「超日月光(ちょうにちがっこう)」

 私が生きていることは、真実なるものに遠い相においてであるか、あるいは真実なるものに近く相応する相においてなされてあるか。そうしたことを少しも考えないで生きていられること、それはまことに恐ろしく悲しいことである。
 それは私が今どこにいるかということを考えないで歩いているようなものだからである。

 私の生きている位置? おかしい表現ではあるが、ほんとうに生きることについて考えるものは、私の生きている位置ということについて考えざるを得ない。大洋を走っている船は、必ず、その船の航路を誤らぬ為に、羅針盤によって方向を正すことと、東経何度、北緯何度と、その船の位置を定めることとが絶対必要である。それと同じように、私が生きてゆくのにも、私の生きる方向がなくてはならないし、生きている私の位置を知らなければならない。
 人間の生きる世界は、それはその人によって広狭浅深、千差万別である。それは、その人毎によってその生きる視野が異なるが故であろう。一国の運命と自己の運命とを一つにする人もいるであろうし、向こう三軒両隣だけの上げ下げで生きている人もあるだろう。そして同時に自らの生きる世界の位置をその中にあって測って決定しようとしているのではあるまいか。そしてその各々の世界に処してゆく心根をたいがい「信念」という言葉で言い表しているようである。上は一国の大臣が、国事を処理する場合から、下は一村一部落に対する場合まで、生きる自己を決定して「不動の信念」を云々しているようである。
 しかして多くの場合、その信念も、一時的のものであって、やがて信念そのものもおし流されてしまうことが多いのも知らずに。今や、日本の知識階級にはそのような信念なき一人の人も見当たらないようになった。歎かわしいことだと誰かが言った。
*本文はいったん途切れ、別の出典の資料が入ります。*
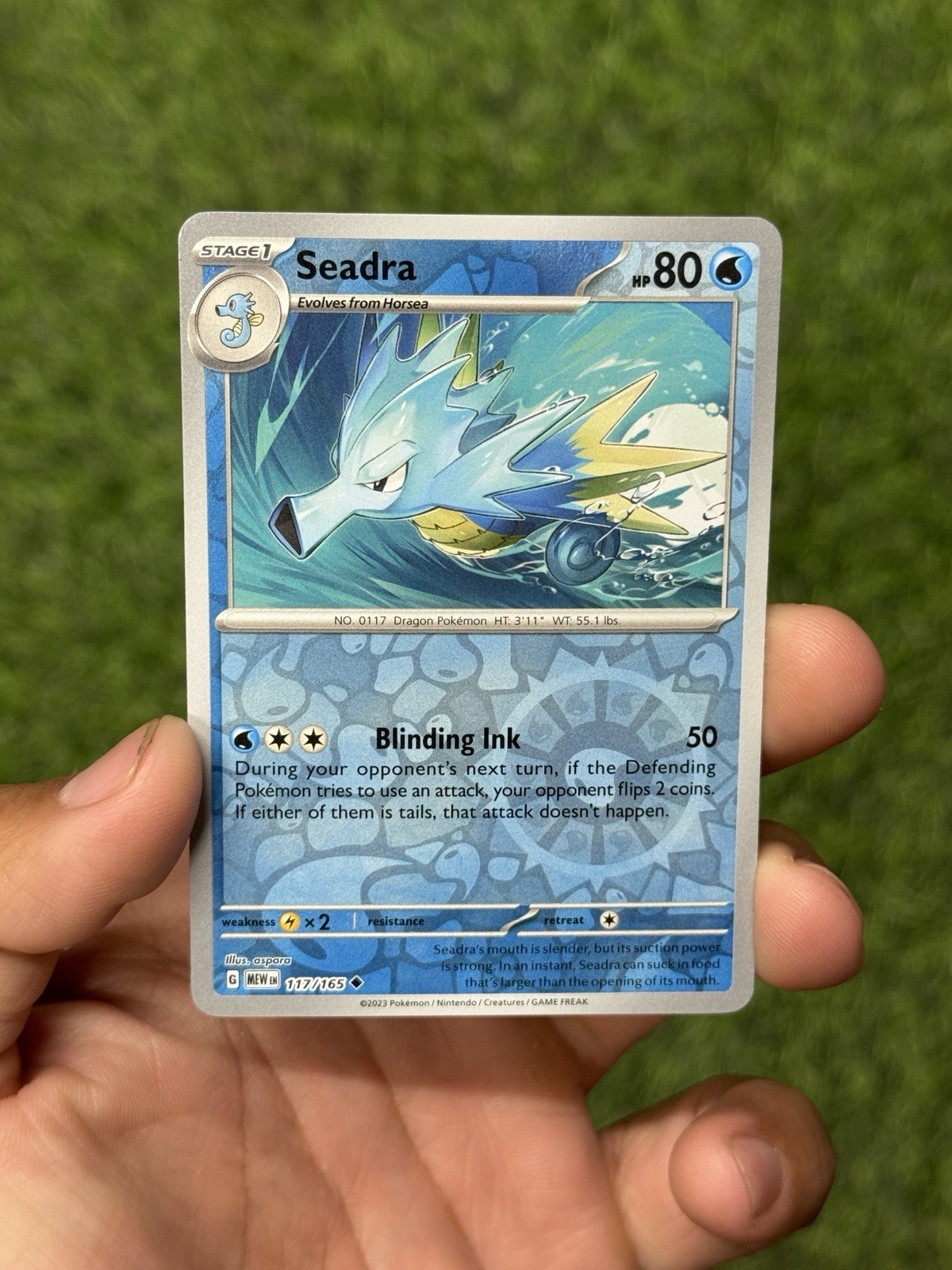 Pokémon  151 - Seadra 117/165  - Reverse Holo - NM/M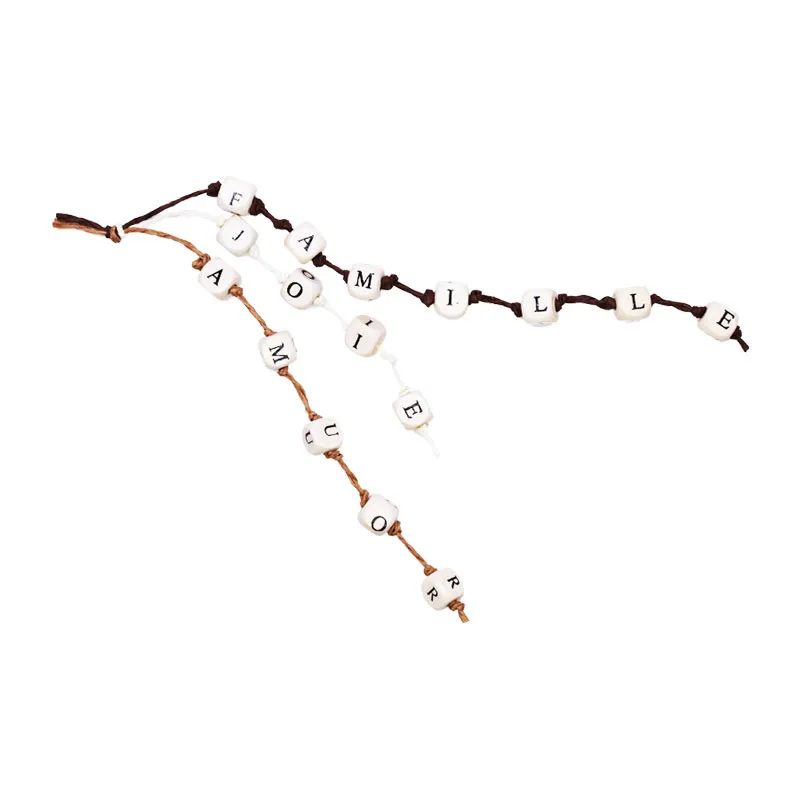 Perles en bois Alphabet 400pcs - 3+-5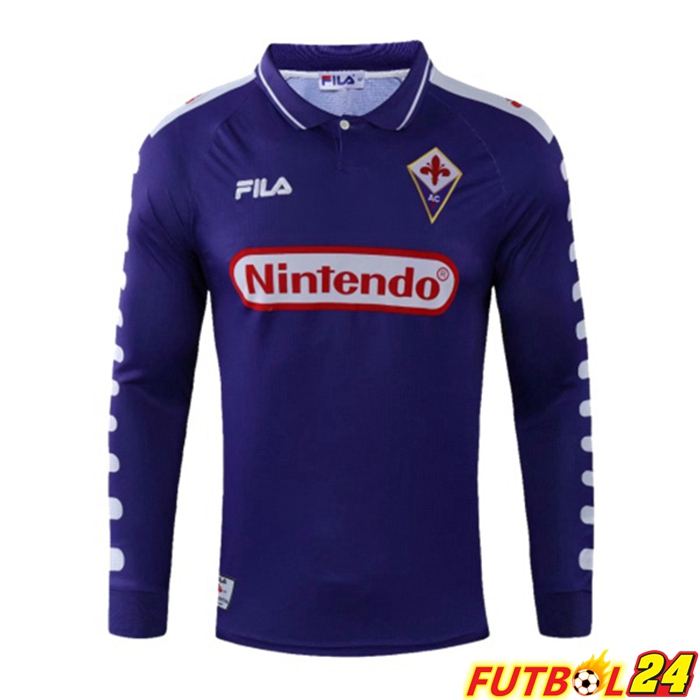 Camiseta Futbol ACF Fiorentina Retro Titular Purple Manga Larga 1998-1999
 私が現に今生きていることは、真実なるものに遠い相においてであるか。真実なるものに近く相応してであるか。
 じっと深く考え、敬虔(けいけん)に額(ぬか)ずいて、真実なるものの真の声を聞こうともせず、無限に内に歩もうともせず、己の真相を知ろうともせず、道の中に己を投じようともせず、貪欲(とんよく)中心の自由主義的立場を保持しつつ、不動の信念を語る。聞くもの見るもの真に感動するものなく、輝かず、響かず、ただいたづらな不快なる雑音を増すこととなるのは何故であろうか。
 梅にして梅を語り、牡丹にして牡丹を語る。人の言にして、その人に相応せば言もまた華たるべし。
人は必ず、その言の如何によらず、必ず己を白状して隠すことなきものである。
であるが故に、先づ汝の胸中に何ものありや、汝の内心に何ものありや、汝を知ることによって汝の住するところを知るべきである。軽々しく信念を語り、軽々しく信念を棄て、軽々しく信念を変更をし、信念と誤認して己が無理を通すが如きは、汝そのものを二束三文に安価ならしめ、何ものの信念なきを示すものである。
 ここにおいて、信念をして不動たらしめんとすれば、信念の対象を流転の中に求めてはならない。信念の対象にして流転の中にあらんか、信念もまた流転するであろう。信念流転すれば、人格もまた流転すべきが故である。
 
 超日月光、流転の千縁万縁を超絶したる超日月光の光明に信の根拠を見出して、

  「光明月日に勝過(しょうが)して 超日月光となづけたり
   釈迦嘆じてなほつきず 無等等(むとうどう)を帰命せよ」

と讃嘆(さんだん)せられたのは親鸞聖人であった。日月より手前、即ち生死界(しょうじかい)内にのみ生きんとするものは凡夫(ぼんぶ)であり、生死界を恐れて出でんとするものは二乗である。生死界外の超日月光に摂取さられて、生死の中にいつつも、実在界の光明を生死煩悩中に具顕するものは大乗の菩薩である。この大菩薩の道のみ不退転である。